Pickie Beecher rushed out from under a table to clutch Miss Trufant around her legs and say, “Welcome!”
She patted him on the back and said, “Little child.” He took her hand and led her to the middle of the room, where a number of the holes in the floor had been consolidated into one great hole, which led now through three floors of the house, so standing there she could look down all the way to the library.
“Dr. Fie,” she said, nodding at him. “I’ve been meaning to tell you how your work is most ridiculous.” Then she laughed at him. She was dressed all in black, with a red sash that cut across her chest and her belly, and a red carnation in her hat. She’d been marching that day in a parade organized by Mrs. Woodhull to honor the martyrs of the Paris Commune.
“Perhaps your eye is jaundiced,” Will said. “Perhaps you do not see clearly.”
She stared and stared. “You two,” she said. “My father was a weekend tinkerer, compared to you.”
Gob came forward and joined their hands, left to right, and then he took their free hands up in his own. Pickie ducked under their arms, so he stood in the middle of their circle, and Gob said it: “Now we are all together.”

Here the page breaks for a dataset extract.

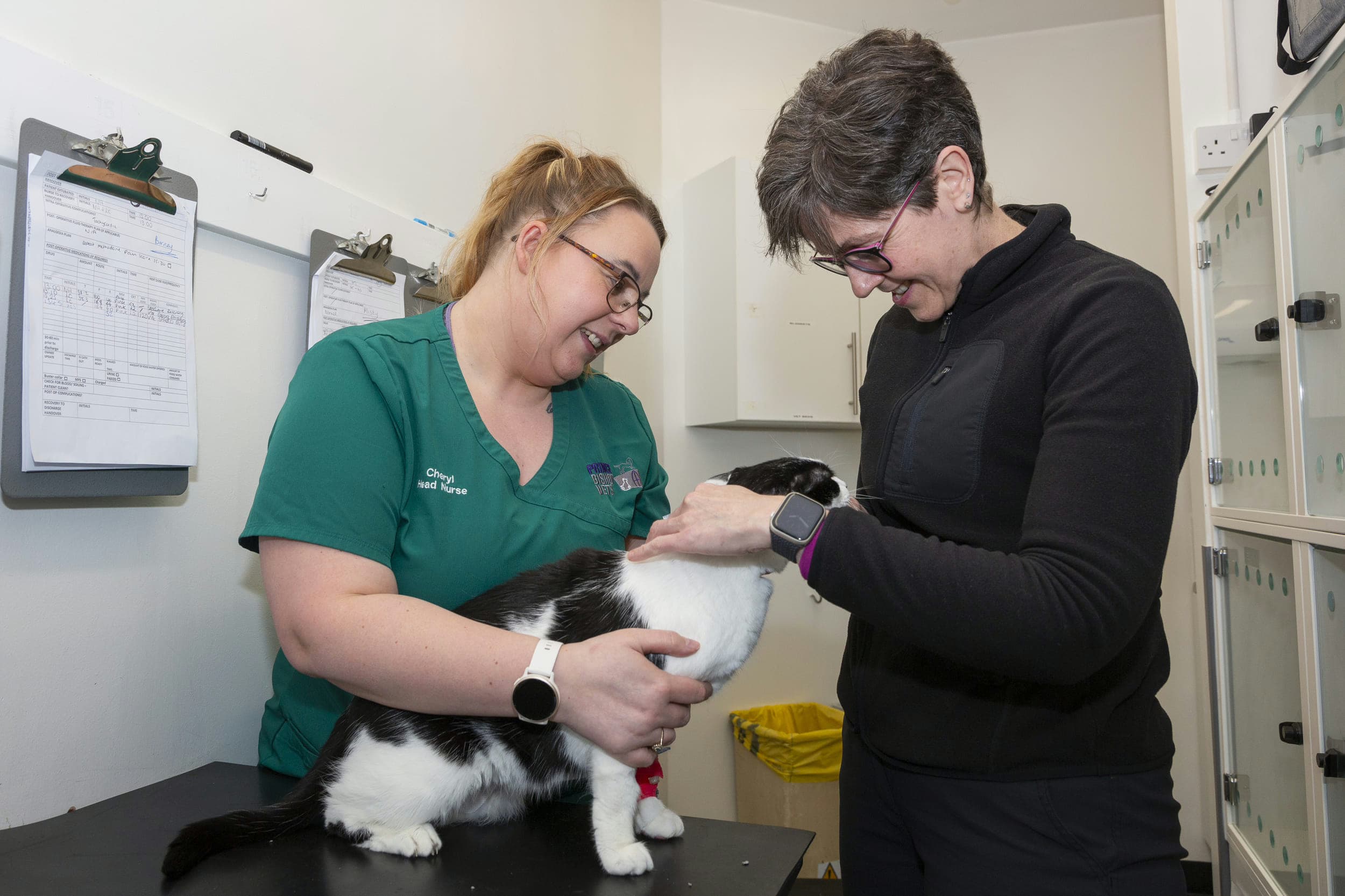 Meet the Team Behind Prince Bishop Vets’ Success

Will broke apart from them. Gob took Miss Trufant’s arm and escorted her around the room. They’d lean down together, bending in unison as if connected by a bar from hip to hip, to examine some fascinating piece of machinery. Will went downstairs to the library, where he sat in a chair away from the hole in the ceiling, with a text on steam engines open in his lap to a chapter on the Giffard injector. Pickie had followed him downstairs, and was rooting in a box of stereographs near Will’s chair.
“He didn’t ask, did he? May she come in? Don’t you think he ought to have asked?”
“She is very beautiful,” said Pickie. “She is the mother of my brother.”
“She just walked right in.”
Pickie came over and climbed into Will’s lap, sitting on the book Will wasn’t reading. He had a stereopticon clutched in his little hands. “See?” he said, putting it to Will’s eyes. “It’s my brother.”
Will didn’t like to look at stereographs — they gave him a headache. But Pickie held the viewer hard against his face, so he had no choice. The image slowly gained depth and detail. It was a boy who had been ruined by a shell. He was in two pieces, and bits of grass grew up straight and strong between the halves of his body. Will could see little clumps of dirt stuck to the trailing intestines. “Yes, yes,” he said. “I’ve seen it, Pickie.”